(Recorded data)

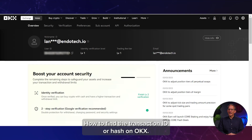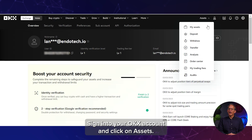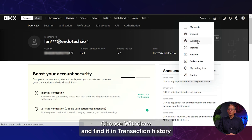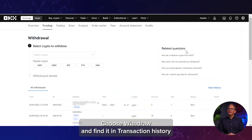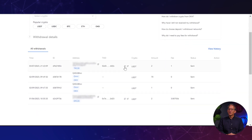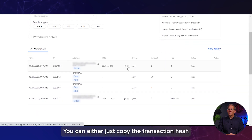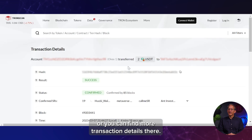How to find the Transaction ID or Hash on OKX. Sign into your OKX account and click on Assets. Choose Withdraw and find your transaction in the transaction history. You can either copy the transaction hash or find more transaction details there.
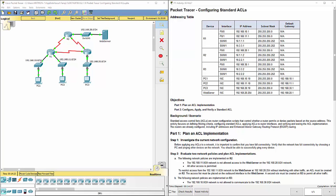Hello everyone. This video walks through completing packet tracer assignment 9.2.1.10, which is configuring standard ACLs.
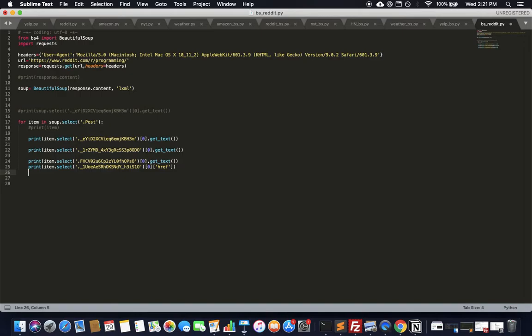If you want, you can take all of this data, put it in an array, export it to a CSV, or do whatever you want with it. However, this is not enough for production-level programming — Reddit will stop returning results after a while if you're doing hundreds of queries, even with the user-agent header.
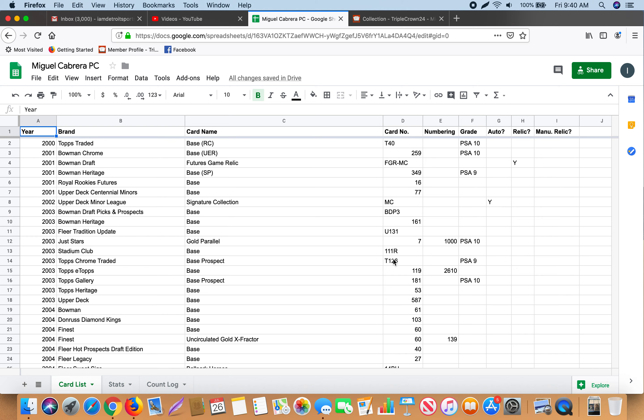What's going on everybody? It is Triple Crown 24 back today doing a different kind of video than what I normally do. Today I'm going to show you my spreadsheet that I used to track my Miguel Cabrera collection.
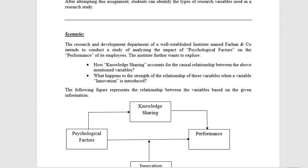The research and development department of a well-established institution contacted us to study analyzing the impact of psychological factors on the performance of the employer. The institution wants to explore one of the famous companies. The scenario structure has 4 variables: knowledge, psychological factors, performance, and innovation.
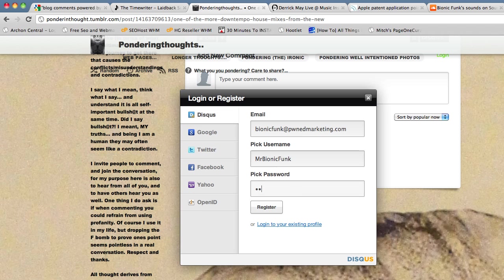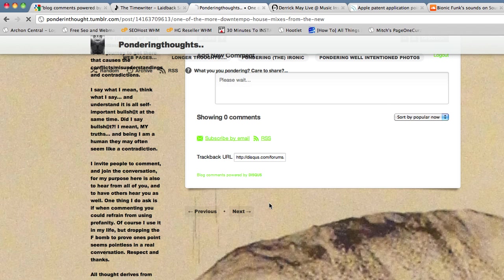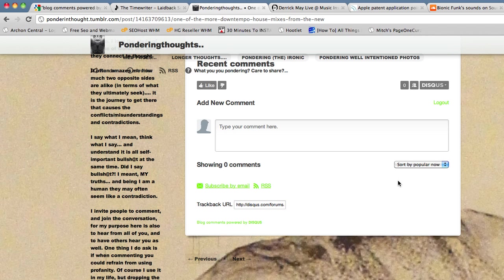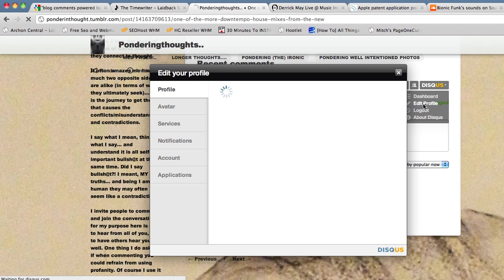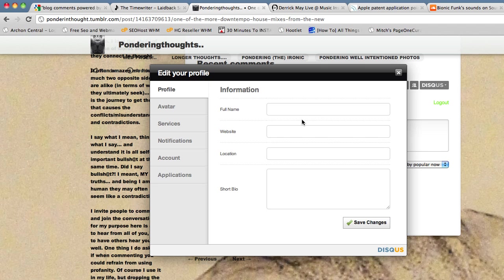And a password. We'll register. That's as easy as it is to register. Then we're going to edit the profile so we can get a link. Your full name is what your anchor text is going to be. That's going to be the clickable part of your backlink.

- [INSTRUCTIONS FOR THE TASK]: Beginning with the first line of the records and ending with the line that contains "Hello everyone. This", reproduce every line exactly, omitting pictures and adding nothing.

- [SOLUTION BELOW]:
How to find the Transaction ID or Hash on OKX. Sign into your OKX account and click on Assets. Choose Withdraw and find your transaction in the transaction history. You can either copy the transaction hash or find more transaction details there.
Hello everyone. This video walks through completing packet tracer assignment 9.2.1.10, which is configuring standard ACLs.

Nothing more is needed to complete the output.